FUNGSI PERATURAN DAN MATERI
MUATAN PERATURAN PERUNDANG-UNDANGAN
A. FUNGSI
PERATURAN PERUNDANG-UNDANGAN
Peraturan
peraturan perundang-undangan adalah setiap keputusan yang tertulis oleh pejabat
yang berwenang dalam kekuasaan legislative berdasarkan wewenang atribusi atau
delegasi maupun wewenang kekuasaan eksekutif semata-mata berdasarkan wewenang
delegasi yang materi muatannya berisi aturan tingkah laku yang bersifat mengika
secara umum.
Aturan
tingkah laku yang mengikat secara umum itu dapat berisi ketentuan-ketentuan
mengenai hak, kewajiban, fungsi, status, atau tatanan.
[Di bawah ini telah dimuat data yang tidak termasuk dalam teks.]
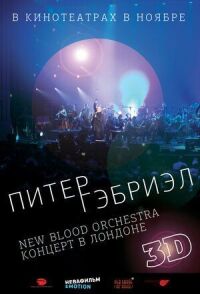 Постер к кинофильму Питер Гэбриэл и New Blood Orchestra в 3D смотреть онлайн бесплатно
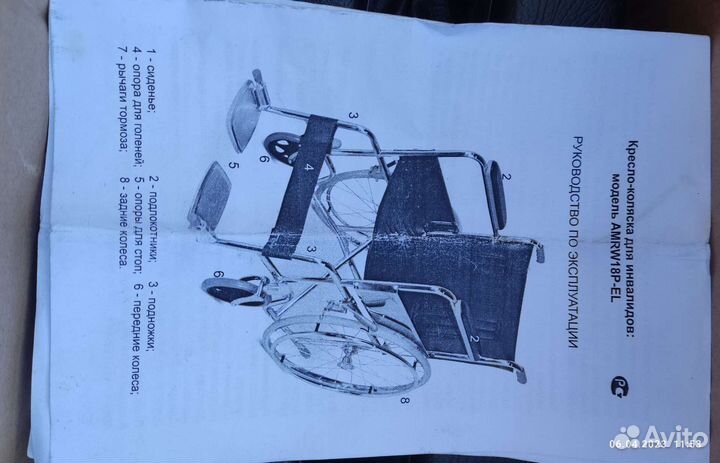 Кресло коляска для инвалидов
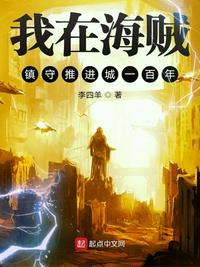 扒开逼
Ciri mengikat secara
umum tersebut merupakan ciri pembeda dengan
keputusan yang bersifat mengikat secara individual dan konkret, sebagai ciri
Yang melekat pada keputusan yang berupa ketetapan/penetapan atau keputusan ata
usaha negara (beschikking).
Sebagai pengertian yang bersifat akademis tentang peraturan
perundang-undangan dan bescking (ketetapan)
bedasarkan ciri yang melekat pada masing-masing keputusan tertulis tersebut,
tetapi dalam praktik ada kemungkinan bahwa sesuatu keputusan tertulis yang
berbentuk peraturan perundang-undangan menurut ciri yang bersifat umum dan sekaligus juga
berisi ciri yang bersifat individual dan konkret. Dengan kata lain, suatu peraturan
perundang-undangan yang berisi
ketetapan. Dalam keadaan seperti yang dijelaskan sebelumnya tidaklah mudah
menentukan apakah suatu aturan benar-benar merupakan peraturan
perundang-undangan atau ketetapan.
Sebagai contoh, yaitu undang-undang tentang APBN dan undang-undang tentang
daerah pembentukan kabupaten, atau APBD dan peraturan daerah tentang perubahan
APBD.
Apabila dilihat dari segi sifat materi muatannya itu
bersifat konkret dalam arti tidak mengikat secara umum, tetapi mengikat
pemerintah saja dan telah jelas kabupaten yang dibentuk (untuk tingkat pusat),
demikian pula tidak mengikat rakyat secara umum dikabupaten tersebut khususnya
mengenai peraturan daerah tentang APBD, tetapi hanya mengikat pemerintah dalam
mengeluarkan anggaran untuk satu tahun bagi tingkat daerah kabupaten yang
bersangkutan.
Apabila dilihat dari segi pembentukan saja, maka
undang-undang dan peraturan tersebut diatas merupakan peraturan
perundang-undangan tetapi jika dilihat
materi muatannya lebih mendekati ciri suatu ketetapan (beschikking).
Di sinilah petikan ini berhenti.